An adolescent male is brought into the ED by EMS after being thrown off his bike from a collision with a motor vehicle. He is dazed and tachycardic and has multiple abrasions, including on his abdomen. After the initial trauma resuscitation and stabilization, questions are asked: Is there an intra-abdominal solid organ injury, such as a lacerated spleen or liver? Will this patient need to go to the operating room if fluid resuscitation doesn't correct his tachycardia, and for what injury? Can you get these answers without leaving the bedside?
The Focused Assessment with Sonography for Trauma (FAST, or E-FAST when including lung views) examination has largely replaced previously more invasive and nonspecific investigations for free intraperitoneal blood to diagnose solid organ injury in the setting of blunt abdominal trauma. The examination looks at 4 sonographic "windows" where free, dependent blood can collect:
1. The right upper quadrant view looks for fluid within Morrison's pouch, a potential space situated between the liver and kidney.

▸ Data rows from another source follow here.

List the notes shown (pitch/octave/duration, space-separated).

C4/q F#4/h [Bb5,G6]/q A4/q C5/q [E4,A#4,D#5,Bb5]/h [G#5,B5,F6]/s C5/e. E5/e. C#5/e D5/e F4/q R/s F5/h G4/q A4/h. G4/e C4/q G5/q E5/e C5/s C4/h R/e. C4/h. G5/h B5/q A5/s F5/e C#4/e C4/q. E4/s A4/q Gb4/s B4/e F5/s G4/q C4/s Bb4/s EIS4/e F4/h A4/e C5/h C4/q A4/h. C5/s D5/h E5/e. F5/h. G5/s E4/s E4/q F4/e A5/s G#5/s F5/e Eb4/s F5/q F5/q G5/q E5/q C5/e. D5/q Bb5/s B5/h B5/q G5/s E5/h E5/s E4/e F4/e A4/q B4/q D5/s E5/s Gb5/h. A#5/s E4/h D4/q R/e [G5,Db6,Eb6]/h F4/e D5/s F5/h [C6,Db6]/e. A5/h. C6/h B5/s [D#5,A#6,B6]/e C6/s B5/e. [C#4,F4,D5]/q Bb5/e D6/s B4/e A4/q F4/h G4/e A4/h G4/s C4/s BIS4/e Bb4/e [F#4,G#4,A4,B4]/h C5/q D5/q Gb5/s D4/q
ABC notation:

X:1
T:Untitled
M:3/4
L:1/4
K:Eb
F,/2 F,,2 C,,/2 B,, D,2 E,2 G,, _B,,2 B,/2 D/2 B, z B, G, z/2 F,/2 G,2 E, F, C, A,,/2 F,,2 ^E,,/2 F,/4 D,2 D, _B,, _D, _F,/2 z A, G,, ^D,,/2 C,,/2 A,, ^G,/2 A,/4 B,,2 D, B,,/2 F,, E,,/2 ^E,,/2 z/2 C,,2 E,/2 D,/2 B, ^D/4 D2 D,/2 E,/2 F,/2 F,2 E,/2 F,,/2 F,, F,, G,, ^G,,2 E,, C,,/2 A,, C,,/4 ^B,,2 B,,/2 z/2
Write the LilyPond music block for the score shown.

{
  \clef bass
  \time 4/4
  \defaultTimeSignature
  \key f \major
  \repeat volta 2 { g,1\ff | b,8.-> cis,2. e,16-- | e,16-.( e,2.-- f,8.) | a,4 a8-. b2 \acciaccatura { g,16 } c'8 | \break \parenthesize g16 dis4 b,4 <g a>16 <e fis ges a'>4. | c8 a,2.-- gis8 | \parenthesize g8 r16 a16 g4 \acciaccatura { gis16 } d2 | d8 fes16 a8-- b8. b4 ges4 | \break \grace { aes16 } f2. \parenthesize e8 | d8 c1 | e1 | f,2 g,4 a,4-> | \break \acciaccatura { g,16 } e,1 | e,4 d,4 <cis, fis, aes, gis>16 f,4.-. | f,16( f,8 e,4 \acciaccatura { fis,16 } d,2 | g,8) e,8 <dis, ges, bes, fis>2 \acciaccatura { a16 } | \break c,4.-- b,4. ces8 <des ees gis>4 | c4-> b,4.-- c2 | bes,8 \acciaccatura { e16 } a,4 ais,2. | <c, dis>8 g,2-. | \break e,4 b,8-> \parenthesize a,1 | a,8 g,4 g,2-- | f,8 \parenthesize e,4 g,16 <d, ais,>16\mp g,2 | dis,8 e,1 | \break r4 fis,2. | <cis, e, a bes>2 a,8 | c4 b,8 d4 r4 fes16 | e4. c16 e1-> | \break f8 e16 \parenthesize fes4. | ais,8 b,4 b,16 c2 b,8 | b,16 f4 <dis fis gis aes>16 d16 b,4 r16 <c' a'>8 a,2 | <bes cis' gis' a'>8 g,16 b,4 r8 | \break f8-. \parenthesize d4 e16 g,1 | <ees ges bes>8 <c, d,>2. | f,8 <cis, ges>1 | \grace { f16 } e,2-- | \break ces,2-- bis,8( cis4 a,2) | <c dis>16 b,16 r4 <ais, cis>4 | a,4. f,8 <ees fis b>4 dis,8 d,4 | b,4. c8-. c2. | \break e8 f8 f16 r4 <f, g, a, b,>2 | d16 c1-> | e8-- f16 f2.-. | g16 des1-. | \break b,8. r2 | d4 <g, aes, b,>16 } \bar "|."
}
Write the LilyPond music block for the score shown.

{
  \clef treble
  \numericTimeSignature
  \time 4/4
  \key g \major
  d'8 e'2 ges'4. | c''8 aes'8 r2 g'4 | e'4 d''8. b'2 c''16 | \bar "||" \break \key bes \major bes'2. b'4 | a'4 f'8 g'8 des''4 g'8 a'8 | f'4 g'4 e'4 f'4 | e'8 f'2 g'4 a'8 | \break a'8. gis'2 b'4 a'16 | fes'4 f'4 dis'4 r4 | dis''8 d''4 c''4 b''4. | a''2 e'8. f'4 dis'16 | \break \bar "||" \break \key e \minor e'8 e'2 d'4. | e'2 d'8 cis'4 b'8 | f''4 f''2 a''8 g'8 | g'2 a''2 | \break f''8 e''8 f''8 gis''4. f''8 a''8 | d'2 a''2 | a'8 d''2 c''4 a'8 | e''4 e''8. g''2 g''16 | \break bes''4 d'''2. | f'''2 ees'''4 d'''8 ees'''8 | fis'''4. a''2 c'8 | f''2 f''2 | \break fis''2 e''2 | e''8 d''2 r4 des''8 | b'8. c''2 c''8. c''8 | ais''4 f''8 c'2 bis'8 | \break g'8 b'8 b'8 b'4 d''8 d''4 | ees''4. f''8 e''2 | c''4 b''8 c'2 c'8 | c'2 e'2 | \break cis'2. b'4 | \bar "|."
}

2. The left upper quadrant view evaluates the space between the diaphragm and spleen.
3. The subxiphoid view looks for fluid within the pericardium.
4. The pelvic view looks for fluid posterior to the uterus in the pouch of Douglas for women or posterior to the bladder in men.
Although CT gives a more detailed picture of the abdominal anatomy, it requires that the trauma patient leave the controlled and monitored setting of an ED trauma bay, exposes the patient to ionizing radiation, and requires additional input from specialists who may not be immediately available. Blood from an injured organ such as the spleen, liver, or kidney settles into easily identifiable locations within the abdomen of a supine patient. This free fluid-whether blood, urine, or amniotic fluid-appears black or "hypoechoic" next to the relatively bright or "hyperechoic" surrounding solid organs. In the unstable trauma patient, a positive FAST identifies the source of blood loss and may help to direct further operative management.
In the setting of blunt abdominal trauma in an adult, a positive FAST and hypotension indicates the need for exploratory laparotomy. Whereas the use of the FAST examination as a screening tool for abdominal solid organ injury has been well established in the adult literature,3 pediatric blunt abdominal injuries are not as straightforward. Pediatric solid organ injuries often remain intracapsular, without free fluid in the abdomen. A study of stable pediatric trauma patients found that about half of those with an abdominal solid organ injury detected on CT had a negative FAST.4
A more recent meta-analysis including nearly 4,000 patients determined the sensitivity of FAST in children to be 80%, with a specificity of 96%, making it a useful tool in the detection of free fluid but not as a screen for abdominal injury.5 Perhaps this is why only 15% of pediatric stand-alone trauma centers use FAST, whereas 85% of centers that see both adult and pediatric patients routinely use FAST in the workup of blunt abdominal trauma.6
The question remains whether the injuries missed by FAST are clinically significant. The majority of solid organ injuries missed on FAST are low-grade lesions that do not require operative management. Further refinement on how to use FAST as a screening tool found that the sensitivity increased to 100% when including pertinent physical exam findings.7
A positive FAST in the hypotensive trauma patient identifies the source of blood loss and helps to aid the surgical management. In the hemodynamically stable patient, the FAST examination should be used in conjunction with the history, physical examination, and laboratory findings.